Every line below should be copied exactly; drop the pictures.

DATA —
*** Begin section ***

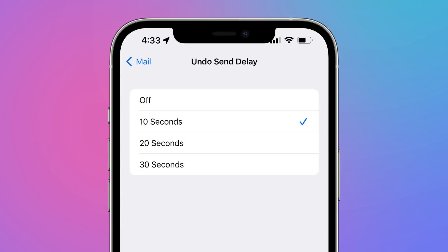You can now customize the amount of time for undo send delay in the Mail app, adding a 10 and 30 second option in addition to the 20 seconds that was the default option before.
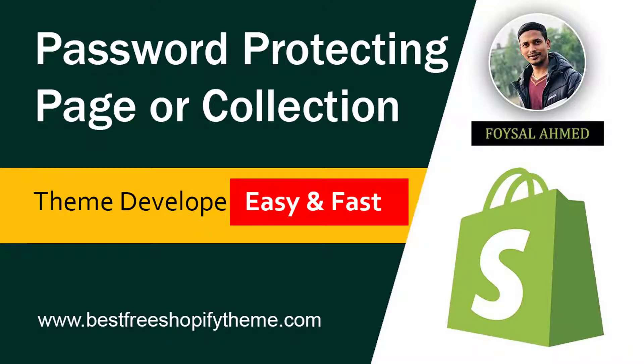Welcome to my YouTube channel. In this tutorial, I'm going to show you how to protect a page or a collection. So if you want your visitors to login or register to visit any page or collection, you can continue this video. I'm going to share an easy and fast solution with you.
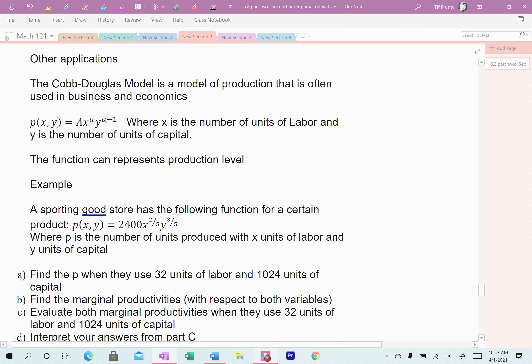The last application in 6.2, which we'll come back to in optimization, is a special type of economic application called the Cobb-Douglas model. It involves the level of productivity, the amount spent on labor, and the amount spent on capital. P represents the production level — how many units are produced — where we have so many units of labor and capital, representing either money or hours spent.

*** End section ***

ANSWER TO THE EXERCISE —
You can now customize the amount of time for undo send delay in the Mail app, adding a 10 and 30 second option in addition to the 20 seconds that was the default option before.
Welcome to my YouTube channel. In this tutorial, I'm going to show you how to protect a page or a collection. So if you want your visitors to login or register to visit any page or collection, you can continue this video. I'm going to share an easy and fast solution with you.
The last application in 6.2, which we'll come back to in optimization, is a special type of economic application called the Cobb-Douglas model. It involves the level of productivity, the amount spent on labor, and the amount spent on capital. P represents the production level — how many units are produced — where we have so many units of labor and capital, representing either money or hours spent.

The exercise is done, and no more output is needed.